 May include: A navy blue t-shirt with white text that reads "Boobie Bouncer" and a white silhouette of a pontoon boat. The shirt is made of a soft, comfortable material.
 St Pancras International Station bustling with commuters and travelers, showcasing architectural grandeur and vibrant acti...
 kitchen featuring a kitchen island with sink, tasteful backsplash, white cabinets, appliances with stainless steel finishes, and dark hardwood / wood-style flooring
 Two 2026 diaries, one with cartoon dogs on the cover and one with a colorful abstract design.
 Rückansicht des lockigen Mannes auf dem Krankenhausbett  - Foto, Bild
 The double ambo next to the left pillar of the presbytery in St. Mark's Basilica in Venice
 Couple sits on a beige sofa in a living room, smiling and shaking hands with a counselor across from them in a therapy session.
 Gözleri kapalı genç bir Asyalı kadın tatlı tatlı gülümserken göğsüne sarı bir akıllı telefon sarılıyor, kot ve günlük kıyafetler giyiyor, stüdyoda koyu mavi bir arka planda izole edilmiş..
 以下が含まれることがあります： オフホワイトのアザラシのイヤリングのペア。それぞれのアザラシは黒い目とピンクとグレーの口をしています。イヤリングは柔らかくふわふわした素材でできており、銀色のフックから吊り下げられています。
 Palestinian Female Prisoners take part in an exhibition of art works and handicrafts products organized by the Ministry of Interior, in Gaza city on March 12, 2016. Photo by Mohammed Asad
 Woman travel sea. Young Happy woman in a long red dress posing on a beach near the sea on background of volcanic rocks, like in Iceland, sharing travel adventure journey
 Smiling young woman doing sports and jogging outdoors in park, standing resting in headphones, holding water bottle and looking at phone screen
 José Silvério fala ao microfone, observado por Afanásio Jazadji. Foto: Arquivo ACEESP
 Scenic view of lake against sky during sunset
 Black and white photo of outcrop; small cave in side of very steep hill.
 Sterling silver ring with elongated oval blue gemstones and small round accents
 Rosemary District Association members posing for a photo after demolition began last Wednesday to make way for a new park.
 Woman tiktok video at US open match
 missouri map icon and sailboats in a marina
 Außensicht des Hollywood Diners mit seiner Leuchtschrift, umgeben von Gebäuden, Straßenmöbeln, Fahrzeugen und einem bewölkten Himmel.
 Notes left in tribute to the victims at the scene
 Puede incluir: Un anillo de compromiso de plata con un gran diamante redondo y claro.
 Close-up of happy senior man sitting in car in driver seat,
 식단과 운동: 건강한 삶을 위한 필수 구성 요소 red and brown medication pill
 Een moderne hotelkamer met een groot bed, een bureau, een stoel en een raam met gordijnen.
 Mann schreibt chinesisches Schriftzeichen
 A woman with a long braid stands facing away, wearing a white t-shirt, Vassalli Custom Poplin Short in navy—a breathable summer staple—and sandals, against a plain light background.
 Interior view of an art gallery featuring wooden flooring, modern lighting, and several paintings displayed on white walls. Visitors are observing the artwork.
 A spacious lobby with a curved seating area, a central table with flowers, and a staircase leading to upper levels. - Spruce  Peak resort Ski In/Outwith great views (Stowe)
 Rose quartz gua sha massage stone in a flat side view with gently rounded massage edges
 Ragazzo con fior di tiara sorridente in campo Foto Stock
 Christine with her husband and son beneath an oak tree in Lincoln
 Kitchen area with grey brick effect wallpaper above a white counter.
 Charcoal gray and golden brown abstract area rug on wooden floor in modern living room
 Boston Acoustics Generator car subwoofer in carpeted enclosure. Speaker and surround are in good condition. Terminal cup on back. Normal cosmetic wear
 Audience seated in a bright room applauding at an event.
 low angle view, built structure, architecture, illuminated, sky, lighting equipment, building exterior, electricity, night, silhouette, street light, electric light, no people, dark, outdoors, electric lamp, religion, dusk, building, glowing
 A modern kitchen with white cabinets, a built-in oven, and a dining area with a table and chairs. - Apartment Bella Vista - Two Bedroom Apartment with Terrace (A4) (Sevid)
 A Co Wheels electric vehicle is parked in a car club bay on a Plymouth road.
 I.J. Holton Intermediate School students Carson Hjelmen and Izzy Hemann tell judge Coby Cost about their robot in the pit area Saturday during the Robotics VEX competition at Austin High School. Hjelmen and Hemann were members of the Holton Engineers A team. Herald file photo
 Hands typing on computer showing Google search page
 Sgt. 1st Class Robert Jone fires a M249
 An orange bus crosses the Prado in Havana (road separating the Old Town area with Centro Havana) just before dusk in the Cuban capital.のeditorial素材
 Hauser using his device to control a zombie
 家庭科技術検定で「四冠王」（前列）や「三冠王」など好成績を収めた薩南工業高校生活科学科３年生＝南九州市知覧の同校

Exercise brief:
The response must repeat exactly the lines from the top of the material through the line containing "St Pancras International", both included, with no other output.

Finished exercise:
 May include: A navy blue t-shirt with white text that reads "Boobie Bouncer" and a white silhouette of a pontoon boat. The shirt is made of a soft, comfortable material.
 St Pancras International Station bustling with commuters and travelers, showcasing architectural grandeur and vibrant acti...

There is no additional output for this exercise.